We studied a Syrian family with 3 children who had low-density lipoprotein cholesterol (LDL) concentrations of 13.3, 12.2, and 8.6 mmol/L, respectively. Three other siblings and the parents all had LDL values <4.52 mmol/L, suggesting an autosomal-recessive mode of inheritance. The extended pedigree had 66 additional persons with normal LDL values. A genome-wide scan in the core family with 427 markers showed support for linkage on both chromosomes 1 and 13. Markers on chromosome 1 revealed a 3.07 multipoint LOD score between 1p36.1-p35, an 18-cM interval. Surprisingly, we also found linkage to 13q22-q32, a 14-cM interval, with a 3.08 LOD score. We had identified this locus earlier as containing a gene strongly influencing LDL in another Arab family with autosomal-dominant familial hypercholesterolemia and in normal dizygotic twins. We found evidence for an interaction between these loci.
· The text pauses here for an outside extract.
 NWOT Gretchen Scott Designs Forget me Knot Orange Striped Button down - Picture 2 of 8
We next genotyped our twin panel and confirmed linkage of the 1p36.1-p35 locus to LDL (P<0.002) in this normal population. Elucidation of ARH, the LDL receptor adaptor protein at chromosome 1p35, caused us to sequence that gene. We first identified the genomic structure of ARH gene and then sequenced the gene in our family. We found an intron 1 acceptor splice-site mutation. This mutation was not found in any other family members, in 31 nonrelated Syrian persons, or in 30 Germans. Our results underscore the importance of ARH on chromosome 1 and the chromosome 13q locus to LDL, not only in families with unusual illnesses, but also to the general population.
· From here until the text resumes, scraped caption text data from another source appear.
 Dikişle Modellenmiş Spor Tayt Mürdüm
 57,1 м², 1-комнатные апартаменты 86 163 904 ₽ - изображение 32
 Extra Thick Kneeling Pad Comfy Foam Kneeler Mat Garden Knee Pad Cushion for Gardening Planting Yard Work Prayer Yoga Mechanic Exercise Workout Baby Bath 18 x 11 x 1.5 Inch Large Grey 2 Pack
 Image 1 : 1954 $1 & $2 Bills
我们研究了一个叙利亚家庭,该家庭中有3个孩子,其低密度脂蛋白胆固醇(LDL)浓度分别为13.3、12.2和8.6 mmol/L。其他3个兄弟姐妹以及父母的LDL值均<4.52 mmol/L,提示为常染色体隐性遗传模式。这个大家庭中还有另外66人的LDL值正常。对这个核心家庭进行的全基因组扫描,使用了427个标记,结果显示1号和13号染色体均有连锁支持。1号染色体上的标记显示在1p36.1 - p35之间有一个3.07的多点LOD评分,区间为18厘摩。令人惊讶的是,我们还发现与13q22 - q32存在连锁,区间为14厘摩,LOD评分为3.08。我们之前在另一个患有常染色体显性家族性高胆固醇血症的阿拉伯家庭以及正常双卵双胞胎中就已确定该位点包含一个对LDL有强烈影响的基因。我们发现了这些位点之间存在相互作用的证据。接下来,我们对双胞胎样本进行基因分型,并在这个正常人群中确认了1p36.1 - p35位点与LDL的连锁关系(P<0.002)。对位于1p35的LDL受体衔接蛋白ARH的阐明,促使我们对该基因进行测序。我们首先确定了ARH基因的基因组结构,然后对我们这个家庭中的该基因进行测序。我们发现了一个内含子1受体剪接位点突变。在其他家庭成员、31名无血缘关系的叙利亚人或30名德国人中均未发现此突变。我们的结果强调了1号染色体上的ARH以及13q染色体位点对LDL的重要性,不仅在患有特殊疾病的家庭中如此,在普通人群中也是如此。